As far as the steel vs. aluminum...I've only used steel for a couple months, then everything was switched to aluminum. I never have problems flipping a snap or a carabiner around or down a branch. I guess you just gotta know how to work the rope.

Brian- I'll tell you what, as a Holiday Special, I will make you a flip line. I assume you have the slack-tender pulley. If you send me money to cover the supplies, I will splice you a 16strand with an eye on each end (and a steel or aluminum snap on one end, if you'd like!) as well as a single-braid prussik sling for the distel or schwabish.

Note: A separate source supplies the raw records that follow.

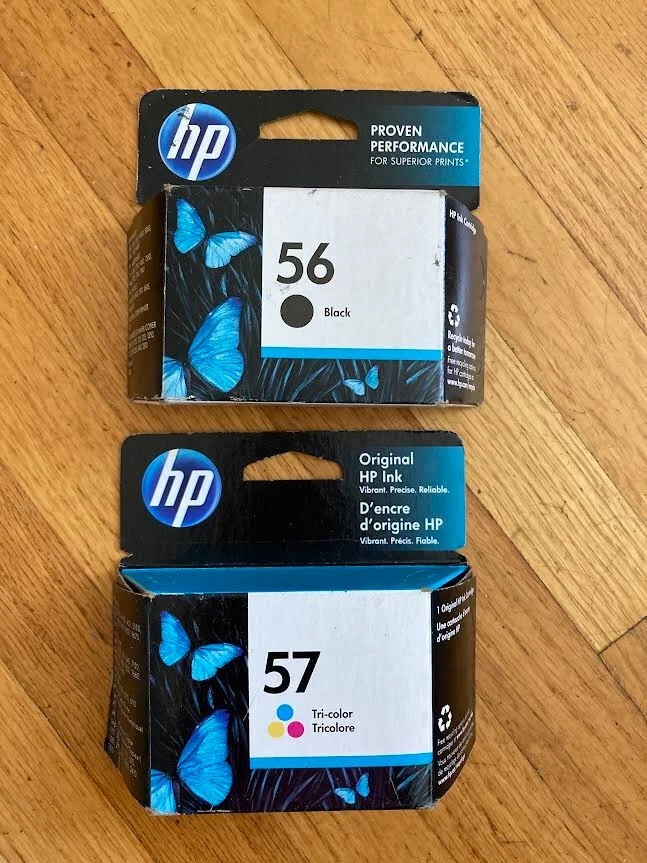 Genuine HP 56 Black & 57 Color Ink Cartridges Combo Pack - New, Unboxed, For Photosmart Printers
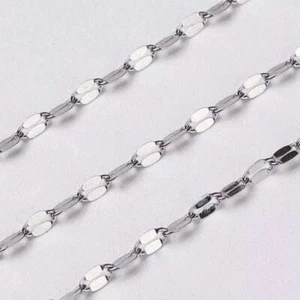 Pretty Link Chain 10m - Stainless Steel - Jewellery Making - Flat Oval Connector - Picture 1 of 1
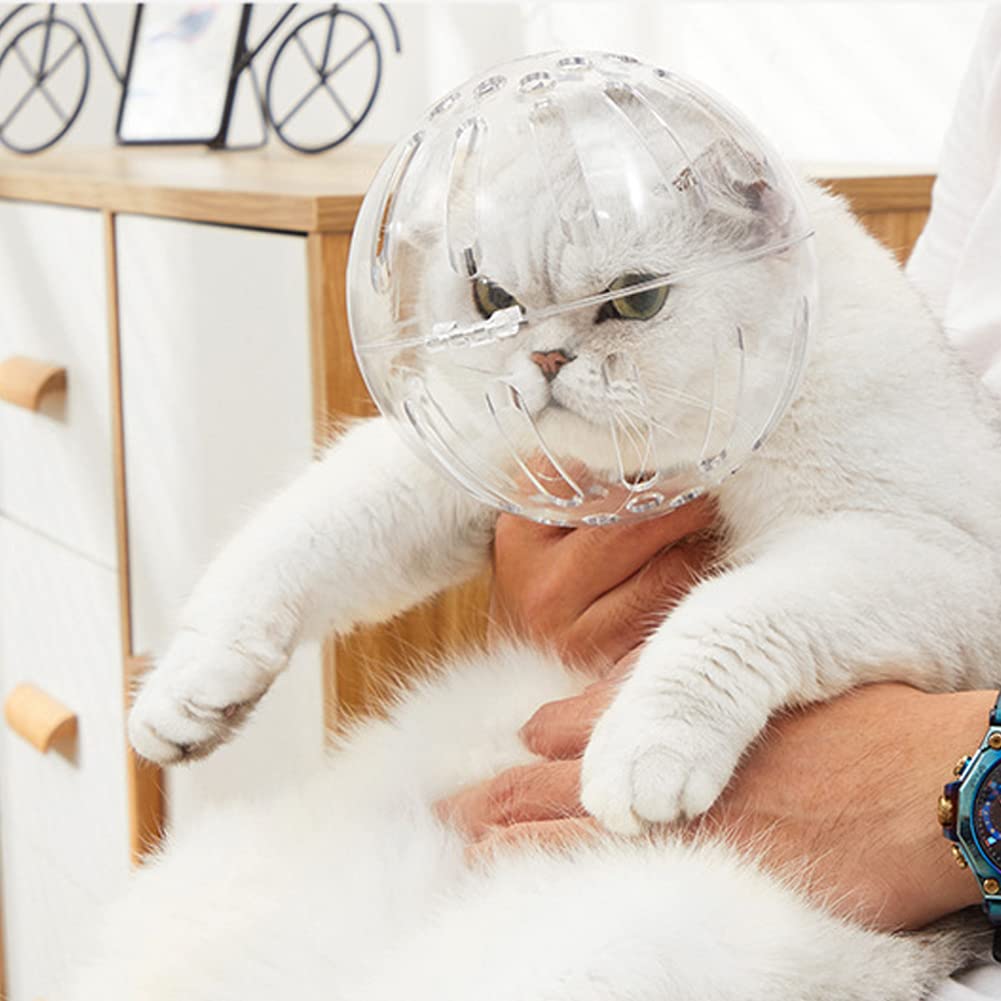 Trivolein cat grooming muzzle shown as an astronaut-style photo accessory.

Let me know!!!

good discussion folks.

love
nick


----------



## John Paul Sanborn (Nov 26, 2002)

Since you will be able to make new lines for these people splicing the clip into the line with a tight eye is much better (IMO).

For most average climbers, a 10-20ft I&I with clips is good. A prussik adjuster for those with mopderate skill and distal/slacktender for those with a bit more.

I liek Tom's with the back to back tress hithces for two way control.


----------



## NickfromWI (Nov 26, 2002)

*Eye Splice Size*

I agree JPS- I like a small eye for the side that has a snap on it. I prefer to put a small plastic thimble to distribute the wear. I've done a couple that used the small orange Petzl "POO" pulleys. I put the snap through the pulley, then splice it on! I think those little plastic black thimbles seem kinda cheap, though I've only had one totally deform on me.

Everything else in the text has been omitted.